Problem details:
Leave out the pictures and output exactly the lines below from the one with "オフショルダートップス 花柄 シャーリング" down to the one with "GIRDSSC Bilder Kunstdrucke", both of them included.

====== Material supplied ======

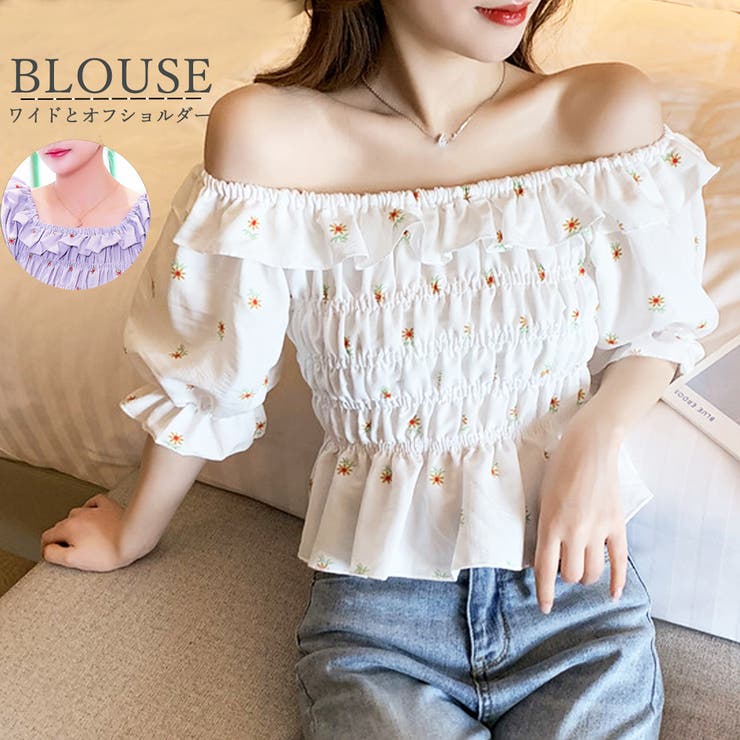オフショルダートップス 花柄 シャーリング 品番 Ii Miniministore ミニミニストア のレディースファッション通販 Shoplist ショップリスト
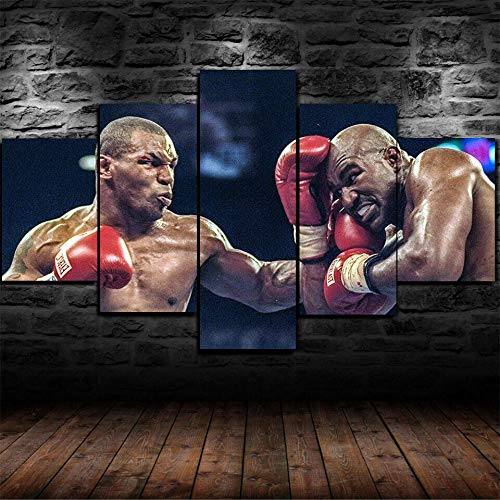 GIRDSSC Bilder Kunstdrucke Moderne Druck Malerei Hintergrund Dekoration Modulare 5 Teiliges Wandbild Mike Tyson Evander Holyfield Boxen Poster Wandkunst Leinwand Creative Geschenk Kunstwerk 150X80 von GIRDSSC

======
====== Material supplied ======

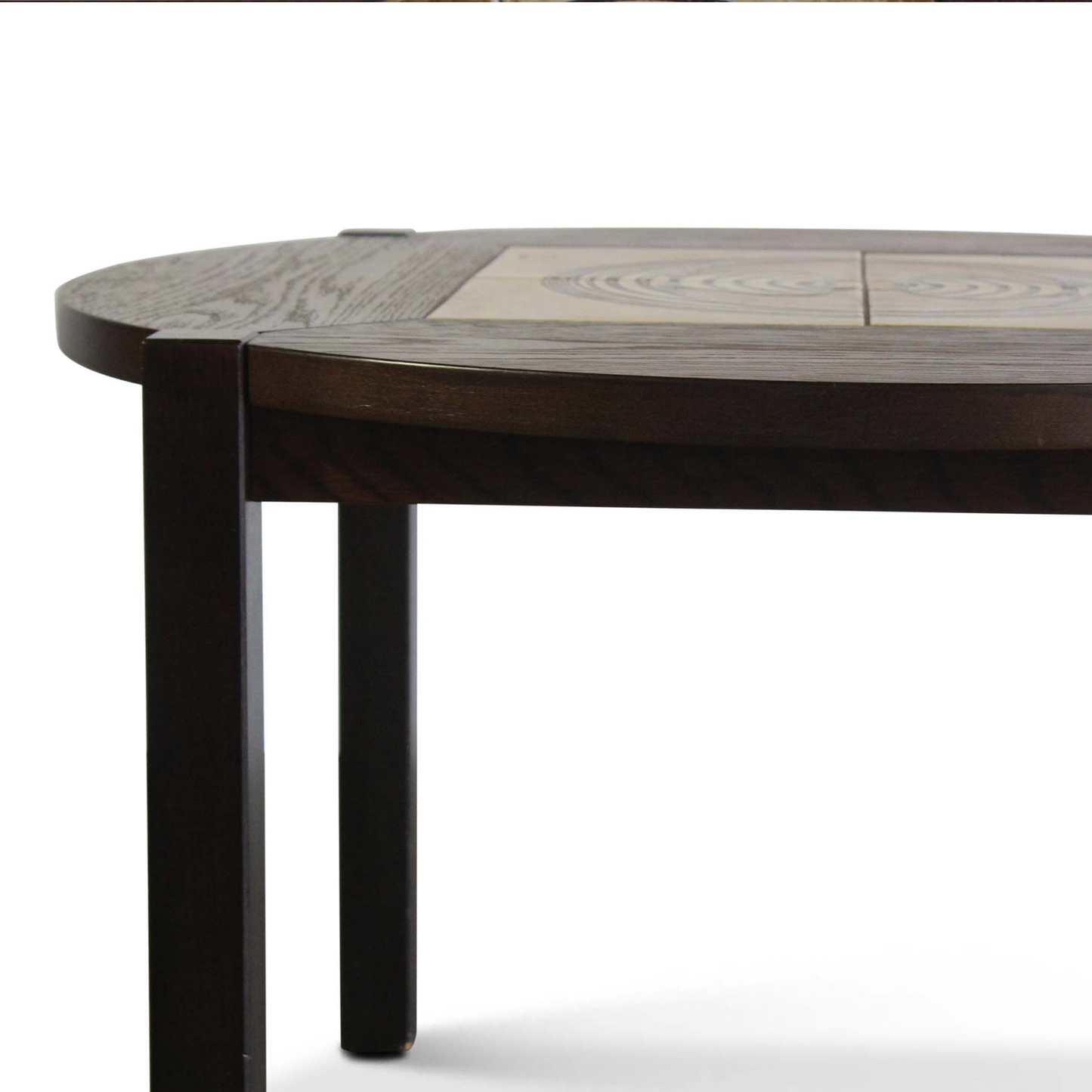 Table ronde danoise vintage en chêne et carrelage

======
====== Material supplied ======

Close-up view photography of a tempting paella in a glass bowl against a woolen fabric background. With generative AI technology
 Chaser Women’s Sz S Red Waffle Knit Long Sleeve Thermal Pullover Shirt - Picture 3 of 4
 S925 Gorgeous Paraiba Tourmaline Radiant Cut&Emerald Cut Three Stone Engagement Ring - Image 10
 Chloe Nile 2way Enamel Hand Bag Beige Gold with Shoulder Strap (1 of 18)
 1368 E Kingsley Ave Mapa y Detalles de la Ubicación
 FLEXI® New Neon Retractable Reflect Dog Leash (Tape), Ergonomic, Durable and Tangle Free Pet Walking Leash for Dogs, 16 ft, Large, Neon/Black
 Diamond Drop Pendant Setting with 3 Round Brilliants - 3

======

Exercise response:
オフショルダートップス 花柄 シャーリング 品番 Ii Miniministore ミニミニストア のレディースファッション通販 Shoplist ショップリスト
 GIRDSSC Bilder Kunstdrucke Moderne Druck Malerei Hintergrund Dekoration Modulare 5 Teiliges Wandbild Mike Tyson Evander Holyfield Boxen Poster Wandkunst Leinwand Creative Geschenk Kunstwerk 150X80 von GIRDSSC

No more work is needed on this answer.